WHAT NEEDS TO BE DONE — Copy each line of the listing where the word "Exterior" can be found.

::::::

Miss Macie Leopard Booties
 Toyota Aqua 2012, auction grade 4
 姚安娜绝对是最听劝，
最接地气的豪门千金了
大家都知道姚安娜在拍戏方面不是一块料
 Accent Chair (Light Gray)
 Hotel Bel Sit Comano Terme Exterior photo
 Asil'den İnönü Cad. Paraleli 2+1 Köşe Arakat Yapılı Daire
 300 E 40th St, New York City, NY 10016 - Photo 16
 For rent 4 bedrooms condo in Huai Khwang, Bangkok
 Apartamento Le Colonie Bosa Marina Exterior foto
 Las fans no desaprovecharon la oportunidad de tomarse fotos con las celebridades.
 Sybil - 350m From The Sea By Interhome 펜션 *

::::::

FINAL ANSWER —
 Hotel Bel Sit Comano Terme Exterior photo
 Apartamento Le Colonie Bosa Marina Exterior foto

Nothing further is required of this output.